A complete guide to what an IPO is, how the process works, and a historical list of companies that have gone public on U.S. exchanges — including notable IPOs from 2025 and what to watch in 2026.

347 U.S. IPOs in 2025
+54% vs. 2024 IPO Count
$171.8B Global IPO Proceeds 2025
1,035 All-Time Record IPOs (2021)
Disclaimer: The information on this page is for educational and informational purposes only and does not constitute investment advice, a recommendation to buy or sell any security, or an offer to purchase any investment. IPO investing involves significant risk. Always consult a qualified financial professional before making any investment decisions.

This page tracks companies that have completed their initial public offerings on U.S. exchanges and provides a comprehensive educational guide to understanding the IPO process. Whether you're an investor researching a specific company's stock debut or looking to understand how the IPO market works, the sections below cover everything from the definition and process steps to how retail investors can participate — and the risks involved.

What Is an Initial Public Offering (IPO)?

An initial public offering, or IPO, is the first time a privately held company sells shares of its stock to the general public on a regulated stock exchange. Through this process — commonly referred to as "going public" — a company transitions from private ownership to public ownership, allowing any investor to purchase shares through a standard brokerage account.

Before an IPO, a company's shares are owned by a limited group: the founders, early employees, angel investors, and venture capital or private equity firms that funded the company's growth. The IPO provides those early stakeholders with a pathway to liquidity — the ability to sell their holdings on the open market — while simultaneously allowing the company to raise fresh capital from a broad base of public investors.

Under U.S. federal securities law, a company may not lawfully offer or sell shares to the public unless the transaction has been registered with the Securities and Exchange Commission (SEC) or an exemption applies. Once listed, shares trade freely on exchanges such as the New York Stock Exchange (NYSE) or Nasdaq, with prices fluctuating based on supply and demand throughout each trading day.

IPOs are a cornerstone of the U.S. capital markets, enabling high-growth companies to access funding at a scale that private financing cannot match. Companies like Dropbox, Inc. (DBX) and DocuSign, Inc. (DOCU) used their IPOs to fund global expansion and product development after years of venture-backed private growth.
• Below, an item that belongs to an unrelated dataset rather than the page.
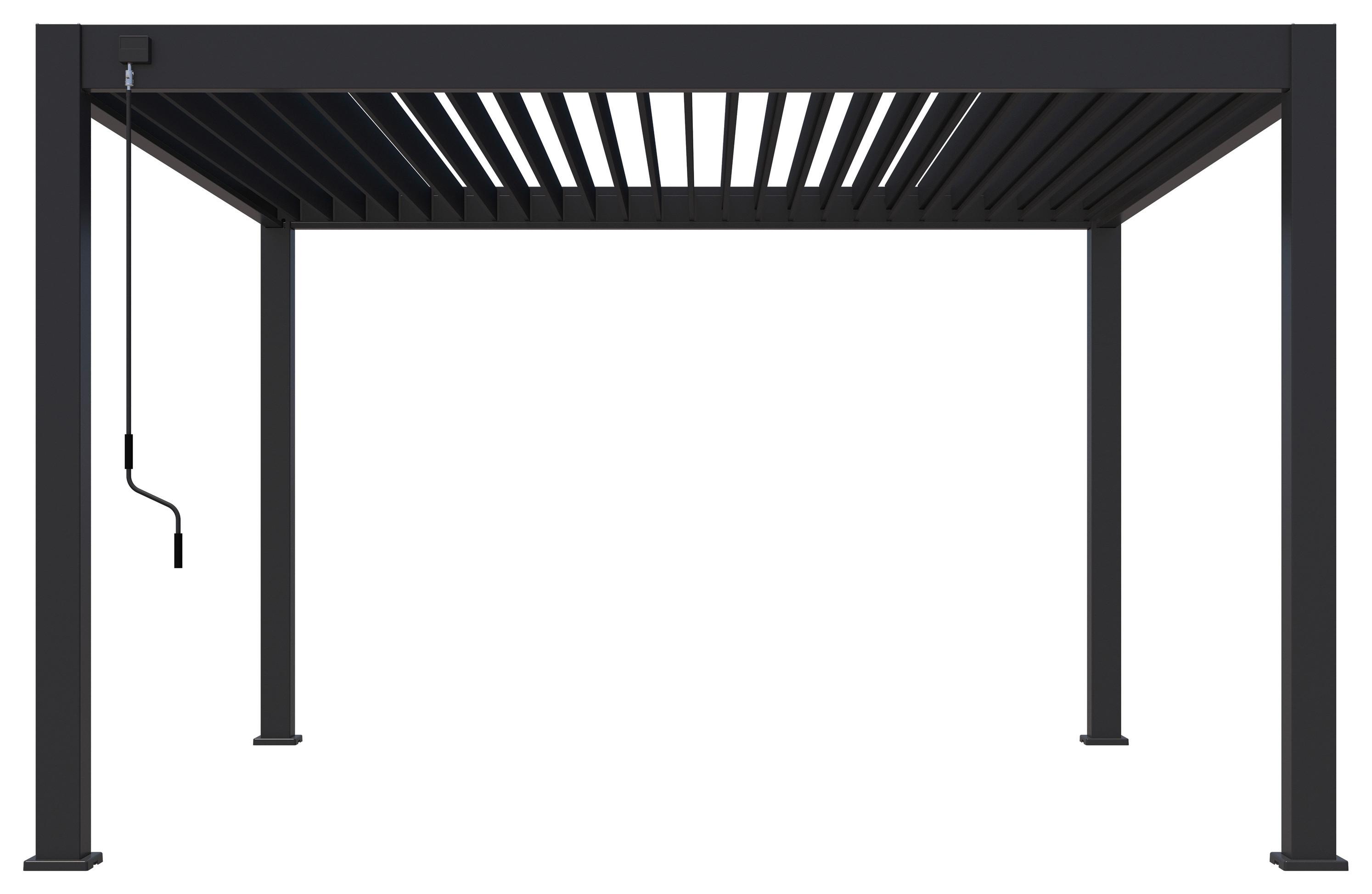 Pergola Deluxe Plus 400x400cm Wetterfest, Elektrisch - Anthrazit, Basics, Metall (400/255/400cm) - WEIDE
IPO vs. Direct Listing vs. SPAC

A traditional IPO is not the only way a company can become publicly traded. Two notable alternatives have gained popularity in recent years:

Method New Shares Issued? Underwriter Required? Raises New Capital? Lock-Up Period? Notable Examples
Traditional IPO Yes Yes (investment bank) Yes Yes (90–180 days) CoreWeave (CRWV), Figma (FIG)
Direct Listing No No No No Spotify (SPOT), Coinbase (COIN)
SPAC Yes (via merger) Indirect Yes (trust proceeds) Varies Multiple blank check companies listed above

In a direct listing, no new shares are created and no underwriters are hired. Existing shareholders — founders, employees, and early investors — simply begin selling their holdings directly on the exchange. This avoids underwriting fees and the lock-up period, but the company raises no new capital. In a SPAC (Special Purpose Acquisition Company), a blank check shell company raises money through its own IPO, then uses those proceeds to acquire a private target company, taking it public through the merger.

How the IPO Process Works

Taking a company public is a structured, multi-month process that involves investment banks, attorneys, regulators, and institutional investors. From the initial decision to go public to the first day of trading, the process typically takes six months to a year. Here is how each stage works:

01

Hiring an Underwriter

The company selects one or more investment banks — known as underwriters — to manage the offering. Underwriters commit to buying all of the new shares before they are listed, then resell them to institutional and retail investors. They also advise on the offering price, the number of shares to issue, and the target investor base. For large IPOs, multiple banks often form a group called a "syndicate." The lead underwriter, or bookrunner, takes the largest portion of the underwriting spread — sometimes up to 8% of gross proceeds.

02

SEC S-1 Filing and Due Diligence

Before shares can be sold, the company must file a Form S-1 registration statement with the SEC. This document — often called a "prospectus" or "red herring" in its preliminary form — is the first comprehensive public disclosure of the company's business model, financial history, management team, risk factors, and how the IPO proceeds will be used. The SEC reviews the filing and may ask questions or require changes. Investors and analysts study the S-1 intensely, as it is often the most complete window into a company's financials before the IPO.

03

The Roadshow and Bookbuilding

Once the S-1 is filed, company executives embark on a roadshow — a series of presentations to institutional investors such as mutual funds, hedge funds, pension funds, and endowments across major financial centers. These meetings serve a dual purpose: generating excitement for the IPO and gathering feedback on demand and pricing. The process of collecting investor orders at various price levels is called bookbuilding. Based on the level of demand generated, the underwriters and company finalize the IPO price range.

04

Pricing and First-Day Trading

The evening before the first day of trading, the underwriters set the final IPO offer price based on roadshow demand. Institutional investors buy shares at this price. On the first trading day, the stock opens on the exchange and is available to all retail investors — but the opening price is set by market demand, not by the underwriter, and can differ sharply from the offer price. High-demand IPOs often "pop" significantly on their first day: Circle Internet Group (CRCL) priced at $31 in 2025 but opened at $69, a 123% first-day surge. Less-anticipated offerings can open below their offer price.

05

The Lock-Up Period

After the IPO, insiders — executives, employees, and pre-IPO investors — are subject to a lock-up period, typically lasting 90 to 180 days, during which they are contractually prohibited from selling their shares. This restriction prevents a flood of insider selling immediately after the stock begins trading, which could depress the share price. When the lock-up expires, some insiders sell, which occasionally creates selling pressure on the stock. Retail investors should be aware of upcoming lock-up expirations for recently public companies they hold or are watching.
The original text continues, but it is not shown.